Java: Find index of first Regex

Question

I need to change a piece of code which includes this:

string.indexOf("bc")

How can this be changed by a solution that skips the occurrence of "bc" if it is preceded by the letter "a".

I don't want to find these:

abc

but only:

xbc

where x can be anything but a (even empty).

I think I could just put in a condition that checks if the index i-1 == a, and if true call the indexOf method again. But I don't think that would result in very beautiful code.

How would a solution that uses regular expressions look like?
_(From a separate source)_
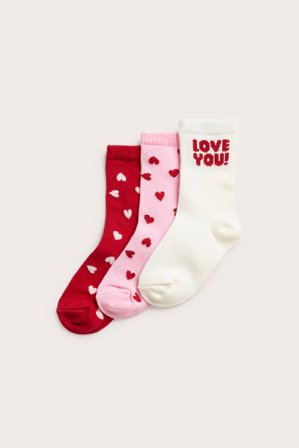 Kappahl | Skarpetki w serca, 3-pak Offwhite 23/26 | Offwhite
Edit: Just a hint after seeing some responses. It would be nice to get not only the regular expression, but also the required API calls to find the index.

Answer 1

As requested a more complete solution:

    /** @return index of pattern in s or -1, if not found */
public static int indexOf(Pattern pattern, String s) {
    Matcher matcher = pattern.matcher(s);
    return matcher.find() ? matcher.start() : -1;
}

call:

int index = indexOf(Pattern.compile("(?<!a)bc"), "abc xbc");

Answer 2

You could use a regex with a negative lookbehind:

(?<!a)bc

Unfortunately to reproduce .indexOf with Regex in Java is still a mess:

Pattern pattern = Pattern.compile("(?!a)bc");
Matcher matcher = pattern.matcher("abc xbc");
if (matcher.find()) {
    return matcher.start();
}